Police have searched a forest in Istanbul where they believe his body may have been disposed of.
After initially saying Khashoggi left the consulate unharmed, and then that they were investigating his disappearance, Saudi authorities backtracked and admitted the 60-year-old was killed in a "brawl" with officials inside the consulate.
But that narrative -- combined with the absence of Khashoggi's body -- quickly drew scepticism and scorn from many, including staunch allies.
Ankara vowed to reveal all the details of a two-week inquiry as US President Donald Trump said he was unsatisfied with Saudi Arabia's response to the columnist's death while the EU, Germany, France, Britain, Australia, Canada and the UN also demanded greater clarity.
The controversy has put the kingdom -- for decades a key ally in Western efforts to contain Iran -- under unprecedented pressure.
It has also evolved into a major crisis for Crown Prince Mohammed bin Salman, a Trump administration favourite widely known as MBS, whose image as a modernising Arab reformer has been gravely undermined.
Canada is among the latest countries to question Riyadh's version of events.
"The explanations offered to date lack consistency and credibility," Canadian Foreign Minister Chrystia Freeland said in a statement Saturday.
Senior Republican senator Marco Rubio was more stark in his assessment.
"Saudi Arabia's changing stories on #KhashoggiMurder is getting old. The latest one about a fist fight gone bad is bizarre," he tweeted, renewing his call for sanctions against those responsible.
Ankara said it had a "debt of honour" to reveal what happened.
"We are not accusing anyone in advance but we don't accept anything to remain covered (up)," said ruling Justice and Development Party spokesman Omer Celik.
French Foreign Minister Jean-Yves Le Drian said many questions remained unanswered while German Chancellor Angela Merkel urged transparency, adding that "available reports on what happened in the Istanbul consulate are insufficient."
"This cannot stand.
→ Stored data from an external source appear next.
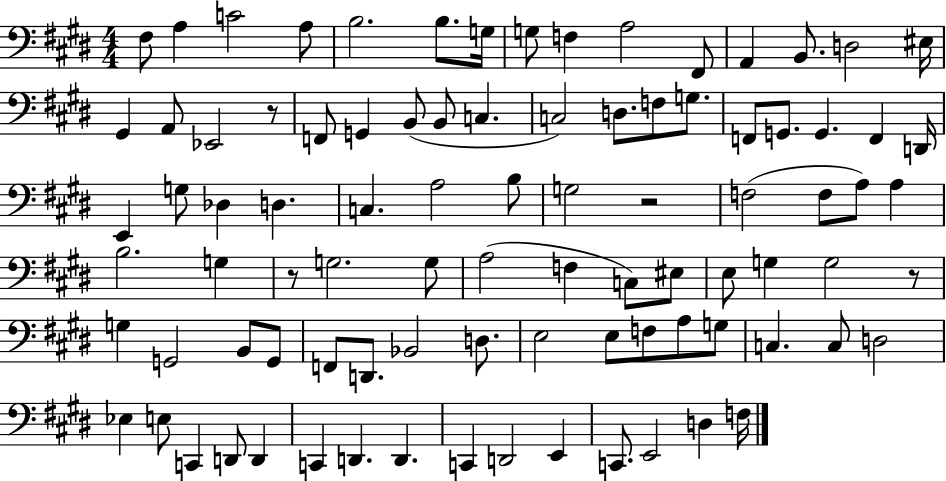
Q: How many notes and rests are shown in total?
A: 90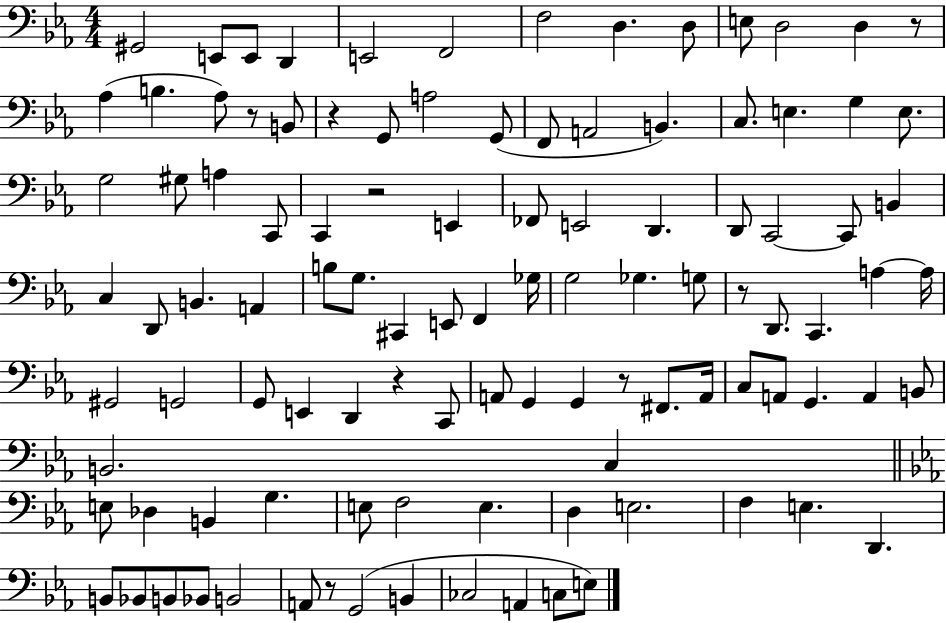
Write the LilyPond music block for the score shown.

{
  \clef bass
  \numericTimeSignature
  \time 4/4
  \key ees \major
  gis,2 e,8 e,8 d,4 | e,2 f,2 | f2 d4. d8 | e8 d2 d4 r8 | \break aes4( b4. aes8) r8 b,8 | r4 g,8 a2 g,8( | f,8 a,2 b,4.) | c8. e4. g4 e8. | \break g2 gis8 a4 c,8 | c,4 r2 e,4 | fes,8 e,2 d,4. | d,8 c,2~~ c,8 b,4 | \break c4 d,8 b,4. a,4 | b8 g8. cis,4 e,8 f,4 ges16 | g2 ges4. g8 | r8 d,8. c,4. a4~~ a16 | \break gis,2 g,2 | g,8 e,4 d,4 r4 c,8 | a,8 g,4 g,4 r8 fis,8. a,16 | c8 a,8 g,4. a,4 b,8 | \break b,2. c4 | \bar "||" \break \key ees \major e8 des4 b,4 g4. | e8 f2 e4. | d4 e2. | f4 e4. d,4. | \break b,8 bes,8 b,8 bes,8 b,2 | a,8 r8 g,2( b,4 | ces2 a,4 c8 e8) | \bar "|."
}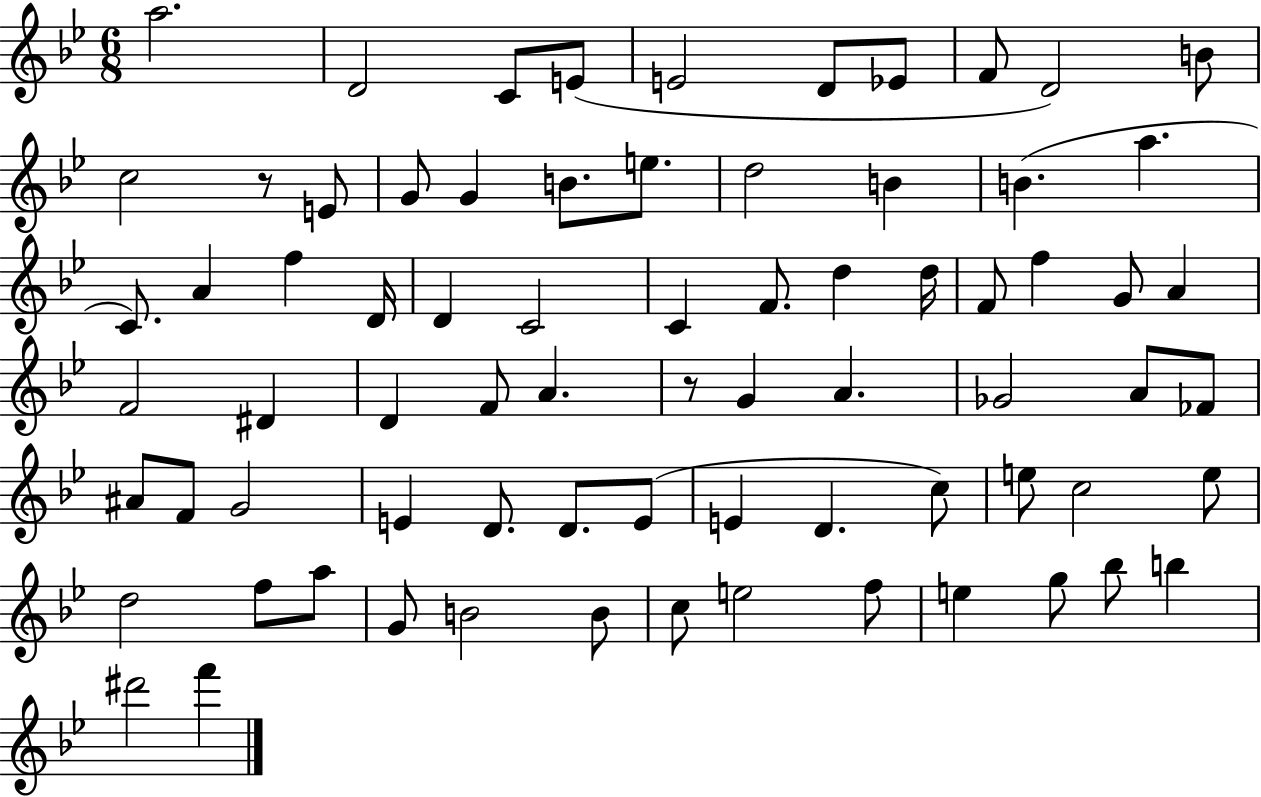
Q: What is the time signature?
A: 6/8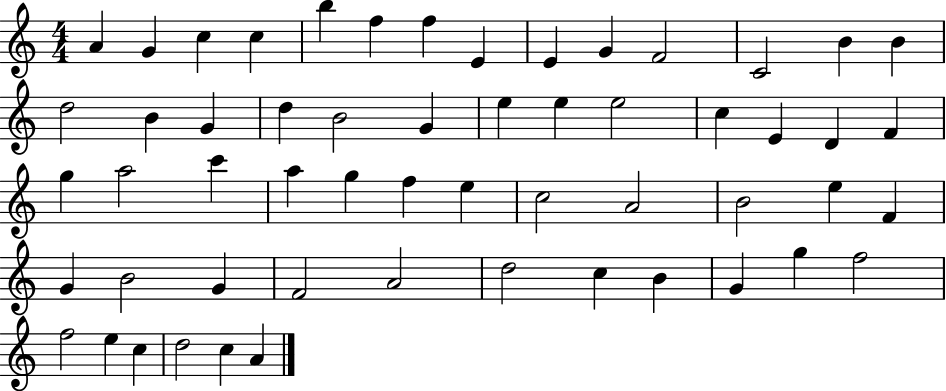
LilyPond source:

{
  \clef treble
  \numericTimeSignature
  \time 4/4
  \key c \major
  a'4 g'4 c''4 c''4 | b''4 f''4 f''4 e'4 | e'4 g'4 f'2 | c'2 b'4 b'4 | \break d''2 b'4 g'4 | d''4 b'2 g'4 | e''4 e''4 e''2 | c''4 e'4 d'4 f'4 | \break g''4 a''2 c'''4 | a''4 g''4 f''4 e''4 | c''2 a'2 | b'2 e''4 f'4 | \break g'4 b'2 g'4 | f'2 a'2 | d''2 c''4 b'4 | g'4 g''4 f''2 | \break f''2 e''4 c''4 | d''2 c''4 a'4 | \bar "|."
}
This will not do," Australian Prime Minister Scott Morrison added on Sunday.
The EU's top diplomat Federica Mogherini and UN chief Antonio Guterres both called for a proper investigation and for the perpetrators to be held to account.
Trump initially said he found the explanation credible, but later expressed more scepticism -- although he warned against scrapping a multibillion-dollar arms deal with the conservative kingdom.
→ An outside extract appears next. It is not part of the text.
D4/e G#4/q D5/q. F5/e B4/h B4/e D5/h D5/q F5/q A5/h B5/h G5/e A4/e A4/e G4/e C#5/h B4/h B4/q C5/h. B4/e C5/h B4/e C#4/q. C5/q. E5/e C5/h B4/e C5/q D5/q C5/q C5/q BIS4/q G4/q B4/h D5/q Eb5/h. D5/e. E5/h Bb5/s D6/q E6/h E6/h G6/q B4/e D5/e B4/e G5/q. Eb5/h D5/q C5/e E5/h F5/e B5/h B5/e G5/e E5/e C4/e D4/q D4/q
"No, I am not satisfied until we find the answer," he told reporters. "It was a big first step. It was a good first step. But I want to get to the answer."
Saudi Arabia's Gulf ally, the United Arab Emirates, welcomed the Saudi disclosures, as did Egypt.
Shielding crown prince
In the Saturday admission, Saudi Attorney General Sheikh Saud al-Mojeb also announced a series of moves including against people linked to the crown prince, who Khashoggi had criticised in his writings.
He said 18 Saudis had been arrested and two top aides of Crown Prince Mohammed had been sacked, together with three other intelligence agents.
The Saudi king also ordered the establishment of a ministerial body under the chairmanship of the crown prince -- his son -- to restructure the kingdom's intelligence agency and "define its powers precisely," Saudi state media said.
Saudi officials have roundly denied that the crown prince had any involvement in the affair.
But one suspect identified by Turkey was said to be a frequent companion of the young heir to the throne, three others were linked to his security detail and a fifth is a high-level forensic specialist, according to The New York Times.
The decision to overhaul the intelligence apparatus and sack members of Crown Prince Mohammed's inner circle is designed to "distance the crown prince from the murder," said analysis firm Eurasia Group.
In a recent off-the-record interview published posthumously by US magazine Newsweek, Khashoggi described the 33-year-old heir apparent as "an old-fashioned tribal leader," but said he would have accepted an offer to work as his adviser.
"I'm not calling for the overthrow of the regime," the one-time royal insider said. "I'm just calling for reform of the regime."